I’ve now read the book. Unlike the commentator over on LinkedIn who responded to my post a couple of weeks ago that I had started to read 1619 with his comment, “I don’t read fiction very often.”

And his reply to my reply “What do you find to be fictional about this?” with “It starts with a faulty premise and builds a racist narrative on top of it. History books should tell history not make it up to support political ends (ala 1984s Ministry of Truth).”
My reply – which he didn’t respond to further: “That is quite vague. What faulty premise is that exactly? So far it’s related a history of laws that were passed in favor of establishing and perpetuating slavery since 1619. It seems thus far to actually be a history book. Perhaps just one sharing a history you’d prefer not to be told.
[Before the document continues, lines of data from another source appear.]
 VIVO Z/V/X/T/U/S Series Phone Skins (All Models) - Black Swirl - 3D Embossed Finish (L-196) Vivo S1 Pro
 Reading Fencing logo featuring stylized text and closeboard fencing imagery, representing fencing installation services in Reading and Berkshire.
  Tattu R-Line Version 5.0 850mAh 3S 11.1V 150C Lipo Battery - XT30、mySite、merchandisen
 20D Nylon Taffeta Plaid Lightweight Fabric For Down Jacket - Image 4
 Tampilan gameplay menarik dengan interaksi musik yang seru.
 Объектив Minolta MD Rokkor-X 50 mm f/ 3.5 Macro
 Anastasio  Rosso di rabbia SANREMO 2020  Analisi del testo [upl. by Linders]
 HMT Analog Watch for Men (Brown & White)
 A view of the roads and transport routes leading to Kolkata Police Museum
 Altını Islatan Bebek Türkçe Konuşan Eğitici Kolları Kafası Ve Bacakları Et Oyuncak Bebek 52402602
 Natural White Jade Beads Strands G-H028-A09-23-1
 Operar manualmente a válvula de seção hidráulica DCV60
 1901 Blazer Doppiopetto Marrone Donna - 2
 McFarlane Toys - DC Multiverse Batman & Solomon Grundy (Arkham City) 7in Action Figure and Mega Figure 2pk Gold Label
Unless you care to be specific, please don’t waste my time with generalities on my posts.”
And that exchange ended there.

EVERY time I think about this – which was often as I read “1619” – I got mad.
To myself, “I swore like a sailor,” mad about the racist clown on LinkedIn and his comments, and what I was reading in 1619.
It’s not the first time this crap, “racial prejudice,” has gotten me into such an angry place. I faced it in grade school, high school, working in construction, in the US Navy, as an employee, as a consultant with an equity stake in three consulting firms – with both my staff and my subcontractors, and some of my clients and some my client’s staff.

It’s F’n everywhere.
Oh, and I didn’t learn any new swear words or phrases when I entered the Navy as a 20-year-old, as I had been working construction in the Kansas City area every summer since I was 12.

From Wikipedia
The 1619 Project: A New Origin Story is a 2021 anthology of essays and poetry, published by Random House’s One World imprint on November 16, 2021. It is a book-length expansion of the essays presented in the 1619 Project issue of The New York Times Magazine in August 2019.
My Thoughts
I would encourage everyone to read this. It gave me details, historical facts (not fiction), about the enslavers and the enslaved, and our history of twisted laws – twisted from our English-law sources as a set of colonies and then states and newly formed country – used to establish and maintain the institution of slavery, from which much of America’s early wealth derived. It’s the old greed and prejudice story in black and white.
People like Daniel the consultant won’t read it – for their minds are already closed. For whatever reason initially, and continued. They can deny its historical accuracy – made much easier when they haven’t read it themselves and rely on someone else’s critique to “make up” their own.